Movies

Mission: Impossible III

A movie that will blow your mind.

Tom Cruise and Keri Russell in Mission: Impossible III 

No one is going to hold a gun to your head and make you watch Mission: Impossible III, but, sitting in the theater, you may feel a phantom pressure at the base of your skull. In the opening scene, Philip Seymour Hoffman pulls a similar maneuver, and since the movie swiftly deposits us a few days back in time, we know that we’ll have to watch it again. The third installment of Paramount’s franchise is easily the most sadistic of the trio. There are little pills that explode in people’s brains and an unrelenting air of gloomy menace. Plus, how much exposure to Tom Cruise can one audience withstand?

Cruise has been America’s reigning actor for so long now that all his moves have become signatures. There’s the over-the-shoulder smile (shot in profile), the all-weather cocky grin, the “intense” look with cheeks sucked in, and, my personal favorite, the two-handed clutch of the head of his beloved. In M:I3, Cruise proves yet again that he’s eminently watchable, gliding through the mayhem with a dancerly efficiency. He’s an actor upon whom you can rest a $200 million movie. The real scandal of Cruise’s behavior last summer was not his schoolboy exuberance or his Scientology lectures, but how unprofessional it was. He was endangering the franchise.

For, if nothing else, M:I3 is state-of-the-art franchise filmmaking. So as not to alienate potential international markets,it takes place in a world denuded of obvious national symbols, such as the American flag, and the only products onscreen are those that have paid for their placement. The cast is designed to appeal to a wide range of demographics, from Teenage Boys (Maggie Q) to Matrix Fans (Laurence Fishburne) to Women (Jonathan Rhys Meyers). When Billy Crudup, Keri Russell, and Ving Rhames show up, it’s corporate overkill. And like most franchise movies, M:I3 is a calculated response to the art form’s two challenges: How efficiently can we make you care about these characters, and how awesome can we make the action scenes?

The character development was entrusted to a youngish, hotshot director, J.J. Abrams, who conceived of the beloved TV shows Alias and Lost. On Alias, Abrams proved that he could make the life of a pouty international superspy seem down-to-earth and believable. In M:I3, he takes on his own mission impossible: humanize Tom Cruise. At the film’s outset, Cruise’s Ethan Hunt has retired from the field and has plans to marry Julia, his nurse girlfriend (Michelle Monaghan). Their relationship seems to consist primarily of repeating the name of a lake where they had an early date. Does Julia find it strange that Ethan takes her to a beautiful hospital rooftop to tearfully explain that he has to go away for a few days on a business trip? Apparently not: She leaves the roof and marries him downstairs. In a summer blockbuster, the course of true love never does make sense, but it does run smooth.

Ethan has, of course, been lured back into his tailored black combat gear: A former protégé has been kidnapped by Owen Davian, a secretive arms dealer played by Philip Seymour Hoffman. Casting Hoffman was a great idea, although he’s not allowed to romp all over the movie a la Johnny Depp in Pirates of the Caribbean. Even so, he’s a welcome and disturbing presence. My favorite moment is a throwaway one where he petulantly grabs a drink being served to him. Better yet is his dressing down of Cruise, which was splashed all over the trailer: “Do you have a wife or girlfriend? Whoever she is, I’m going to find her, and I’m going to hurt her … ” He radiates evil. He acts like he believes this crap.
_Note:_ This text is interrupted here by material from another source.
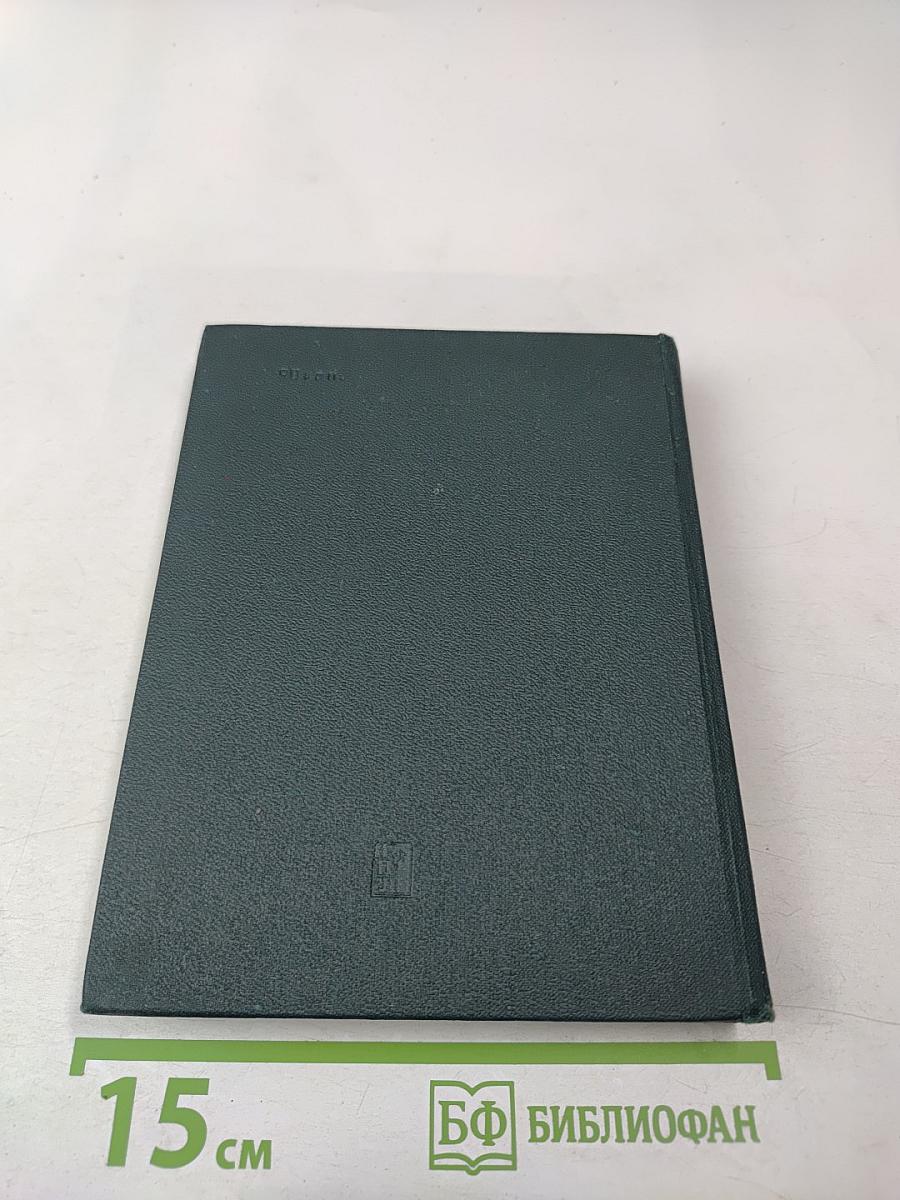 Страны мира. Краткий политико-экономический справочник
The action scenes are thrilling in the modern, quick-cut, disorienting way. Abrams stages a balletic helicopter chase through a field of windmills, and he’s willing to slow things down on occasion, as when Cruise leans out of a speeding Range Rover for a precision pistol shot. Still, at the extreme risk of sounding like a killjoy, I think something has been lost with the digitization of action movies. The great “Aaaah!” moment of M:I3 is a leap from the top of a Shanghai office tower, but the back of my mind was churning: Is that real? I will have to wait to see the DVD featurette to know for certain. That’s why I derived greater pleasure from the film’s analog tricks: a clever scene involving lip-reading and some good old-fashioned heart-wrenching mouth-to-mouth resuscitation.
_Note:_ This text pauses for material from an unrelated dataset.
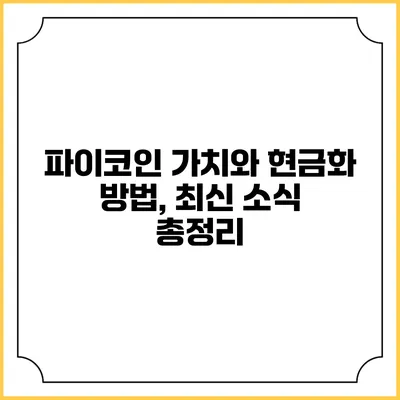 파이코인 가치와 현금화 방법, 최신 소식 총정리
No doubt M:I3 will find its place in the summer box-office sun. The movie raises your pulse, it has visual wow. But I suspect that audiences will emerge into the light feeling more battered than entertained. With its flashback structure, M:I3 continually toys with the idea that Owen Davian will execute Julia. As a result, for all of the movie’s professional craft and lovely vertigo, the experience is like eating popcorn in a guillotine.